Additionally, patent approval length is always a concern, both in the US and elsewhere. Yet, with a huge backlog of patent applications at the Brazilian Patent Office (INPI) the approval process could take 8 to 10 years, which could slow the pace of patent grants in the country.

The utter volume of resident applications at the Chinese patent office (SIPO) also poses concern.

Further review of patenting activity at SIPO shows those utility models make significant proportion of these resident fillings because they do not undergo substantive examinations before being granted, and cost less​,” explains Singh.

This high percentage of resident fillings dominated by utility models is raising doubts about the quality of patents emerging from the country.

IP policy developments and impacts

In a now infamous case, Novartis filed a patent application​ for beta-crystalline form of imatinib mesylate (brand name Gleevec) in India several years ago; however the patent was rejected on several grounds.

Specifically Section 3(d), The Patents Act, 1970. Section 3(d) of the Indian Patent Act, “which expresses that minor changes to existing molecules will not be deemed as sufficient for further patent protection, was critical to this case,​” explains Singh.

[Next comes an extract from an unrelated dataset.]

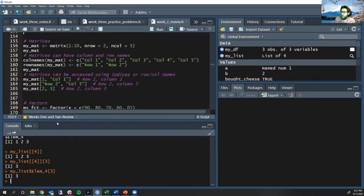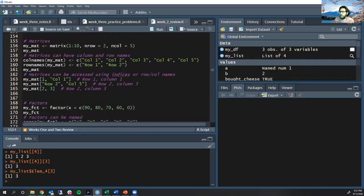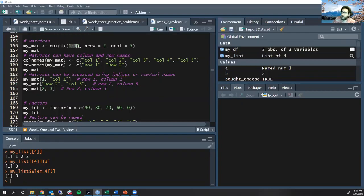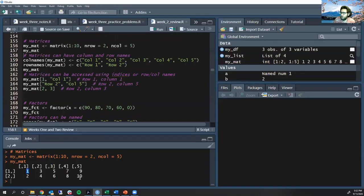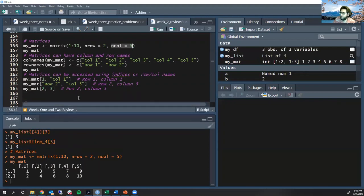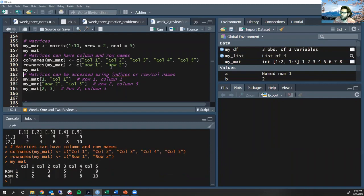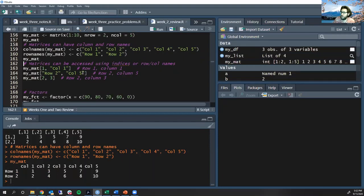Matrices are quite similar to data frames and vectors. You can define a matrix from a vector — for example, matrix(1:10, nrow=2, ncol=5) builds a 2-row, 5-column matrix from 1 to 10. By default it fills by column first. Just like a data frame, a matrix has row names and column names that you can set, and you can access data using numeric indices or row/column names.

Novartis challenged the decision and appealed in various courts (for seven years), yet the original dismissal was upheld.

According to Singh, the patent application rejection is important because it “throws a big question on the issue of evergreening practices, adopted by pharma companies by setting up higher threshold for inventiveness patentability criteria​.”

The court’s decision serves as important precedent for other developing countries, such as Argentina and Philippines, which have since adopted a similar law.

Additionally, big pharma has been raising serious concerns about the adverse impact of India’s decision to award CL to Natco for Nexavar on innovating drug companies.

“As more emerging economies are deliberating to amend their patent laws on CL, big pharma should rethink about existing business models,” ​says Singh.

While China has already made these amendments Brazil is still considering a similar initiative.

“Therefore, in future, whether or not the patent was being worked in Indian territory will be key consideration for compulsory licensing,” adds Singh. “This will be a big challenge for pharma companies, which were relying on imports so far.”